The problem still remianed where all these errors were and what was causing them. The solution was arduous, but the safest. Manually extract and test the records from the master file and separate the good from the bad. In small situations this isn’t a big deal, but we were talking over 145,000 records. Testing them 300 at a time still took a while. The relative small number was due to the fact that the MySQL warning display defaults to only showing the first 64 errors or warnings, so I had to reduce the number of attempted records to be able to see and affect the changes needed to find truly bad records. In the end I as able to isolate the roughly 220 bad records and set them aside. Reassembling the test files back together I tested the ‘good’ records, and got zero load warnings.
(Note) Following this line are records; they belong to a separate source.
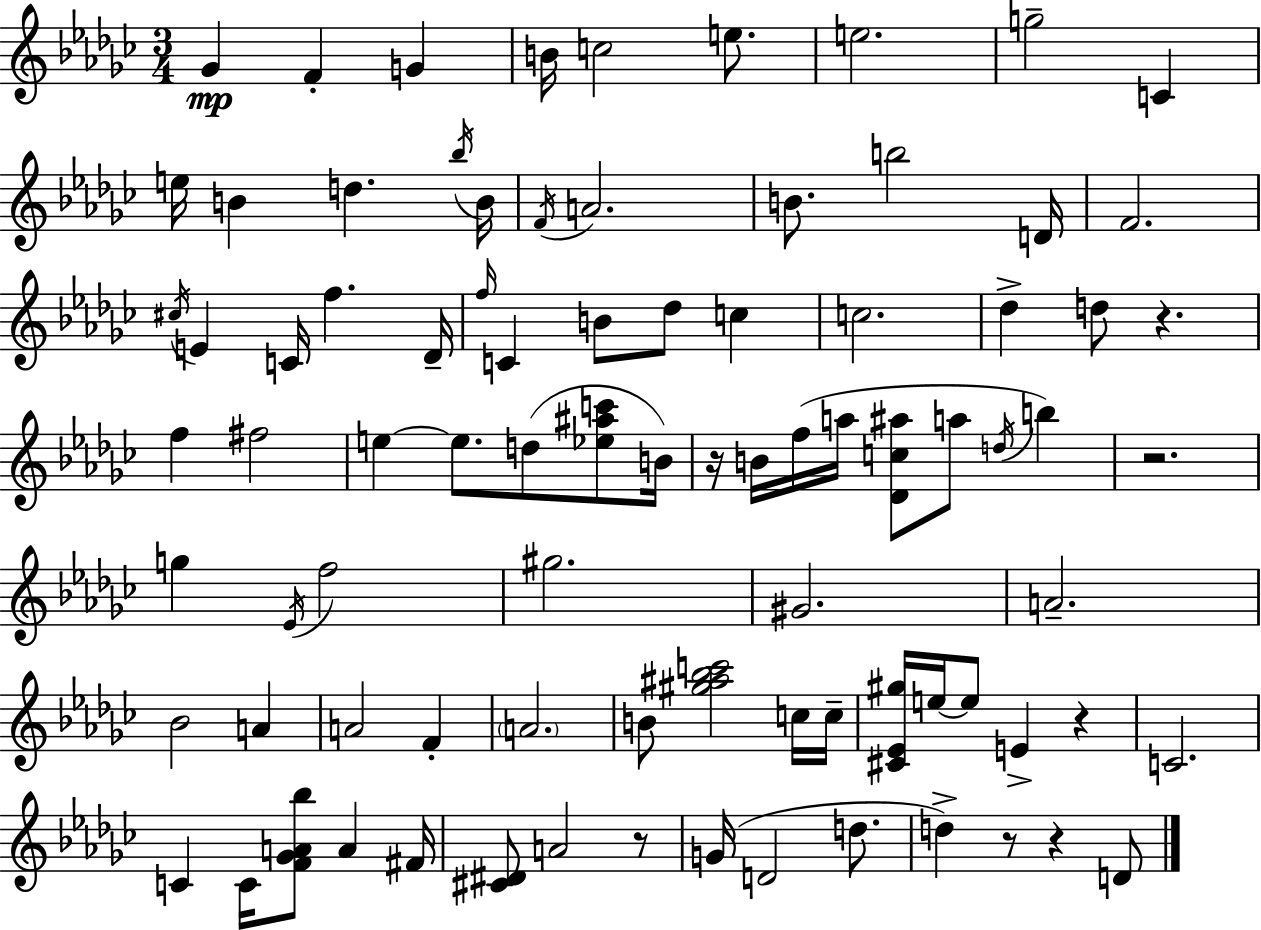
{
  \clef treble
  \numericTimeSignature
  \time 3/4
  \key ees \minor
  ges'4\mp f'4-. g'4 | b'16 c''2 e''8. | e''2. | g''2-- c'4 | \break e''16 b'4 d''4. \acciaccatura { bes''16 } | b'16 \acciaccatura { f'16 } a'2. | b'8. b''2 | d'16 f'2. | \break \acciaccatura { cis''16 } e'4 c'16 f''4. | des'16-- \grace { f''16 } c'4 b'8 des''8 | c''4 c''2. | des''4-> d''8 r4. | \break f''4 fis''2 | e''4~~ e''8. d''8( | <ees'' ais'' c'''>8 b'16) r16 b'16 f''16( a''16 <des' c'' ais''>8 a''8 | \acciaccatura { d''16 } b''4) r2. | \break g''4 \acciaccatura { ees'16 } f''2 | gis''2. | gis'2. | a'2.-- | \break bes'2 | a'4 a'2 | f'4-. \parenthesize a'2. | b'8 <gis'' ais'' bes'' c'''>2 | \break c''16 c''16-- <cis' ees' gis''>16 e''16~~ e''8 e'4-> | r4 c'2. | c'4 c'16 <f' ges' a' bes''>8 | a'4 fis'16 <cis' dis'>8 a'2 | \break r8 g'16( d'2 | d''8. d''4->) r8 | r4 d'8 \bar "|."
}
Good. Beginning with the bad records, I was able to isolate a few dozen that were simply caused by incorrect field lengths, since after all, phone numbers are supposed to be 35 characters long, aren’t they? Fixing those, I got down to a mere 195 bad records, less than .2 percent of the total. Acceptable in most circles. The remianing bad records were attributed to either more columns than needed, fewer columns than needed, or data shifting (after a point all data is one column to the left or right of where it shoudl be). Sent the bad records back to the boss, and tested the results of the good data on the Linux test box, with success. Now to just await the next task while streamlining this one a bit more.
I return again to my APEX SQL command box, break open my books and guides, and prepare once more to do battle. In the time I spent away from it, I had many concepts and ideas floating in my head, and rather than do the smart thing and look them up in the book, I try them out in my own example system. I experiment with customizing column display headings, and data formatting in the retrieved data. Glancing only at the ORACLE guide to find exact format syntax, I manage to muddle through making a more customized display, retrieving and combining string data, as well as performing some time math against other data. Once I make sure I save hte query for alter use, I return to my books. Today it’s all about expanding the usability of the WHERE and building better, leaner, more intricate filters.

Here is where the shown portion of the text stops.